今回は、敗者復活組を最初に発表するのとネタ順をその都度クジで決めるというのが大きな変更点。
これはとてもよいと思います。毎回敗者復活組は番組の一番盛り上がるところで登場して、しかも「敗者復活だ!いったれ!」という空気も後押しするのでとても有利。一度負けている敗者なのに勝ち上がった決勝組より有利にするやり方はずいぶん前から改善を求められていました。なので、とてもよい。
ただ、今回のゆにばーすの出来と得点を見ると、やはりトップバッターが不利なのは変わらずでしたね。
クジでネタ順をその都度決めるのは、良し悪しですね。
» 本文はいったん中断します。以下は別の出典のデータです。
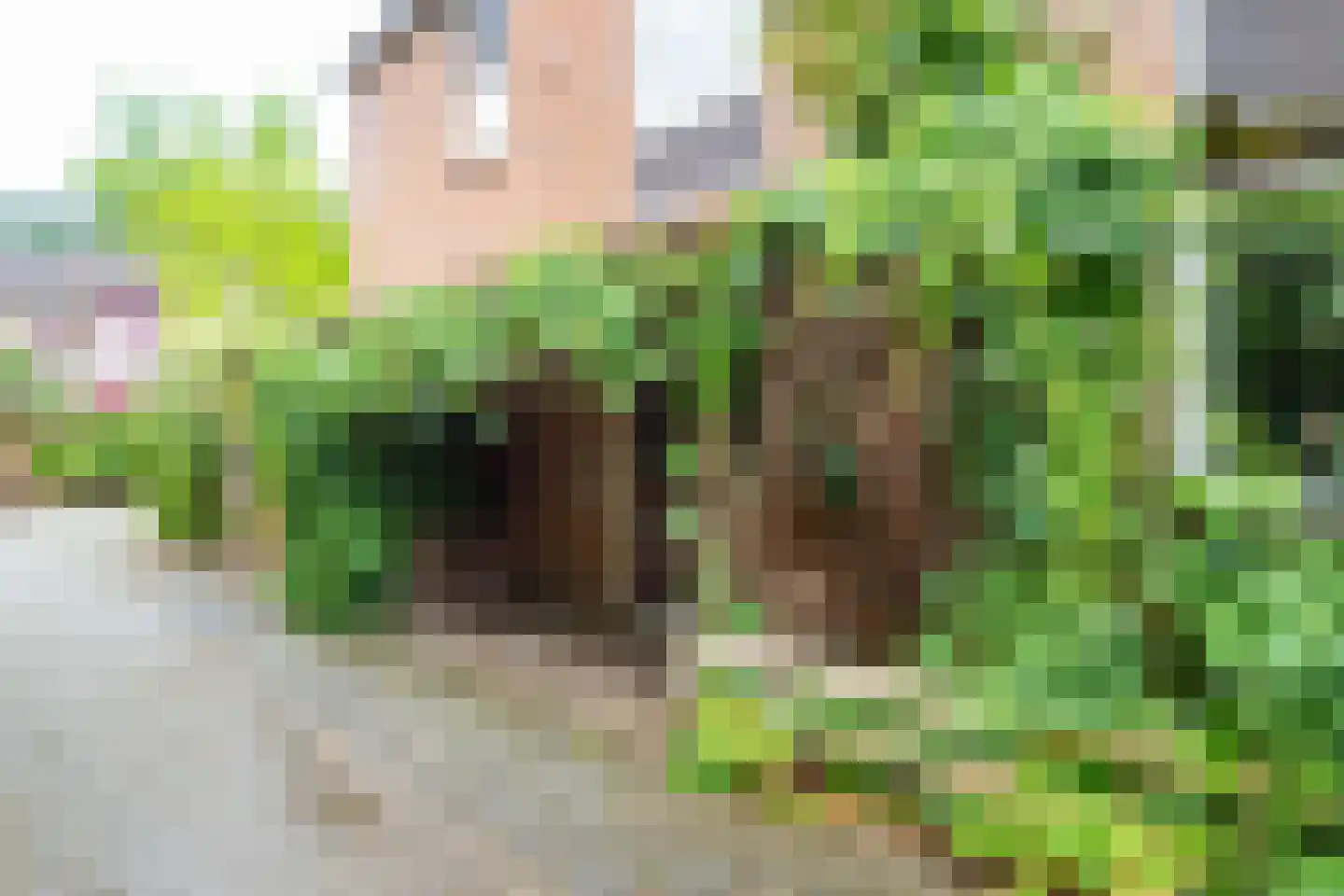Graaf Arnoldlaan 9 Nieuwegein thumbnail 35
個人的には控室で異様な空気の中自分たちの順番を待っている芸人さんを見るのが好きなので、ずーっとイスに座って待っているのはあまりいいことではないような気がします。
なので、私が提案するのは、
①番組開始直後に敗者復活組を発表
②彼らが到着するまでに過去のおさらい、今大会のルール説明、審査員の登場と紹介などを行う
③トップバッターは敗者復活組で固定
というものです。その他の演者たちは、オープニングでクジを引くか事前に決めておくかはどっちでもいいですが、その都度よりも順番が分かっていた方が私はいいと思います。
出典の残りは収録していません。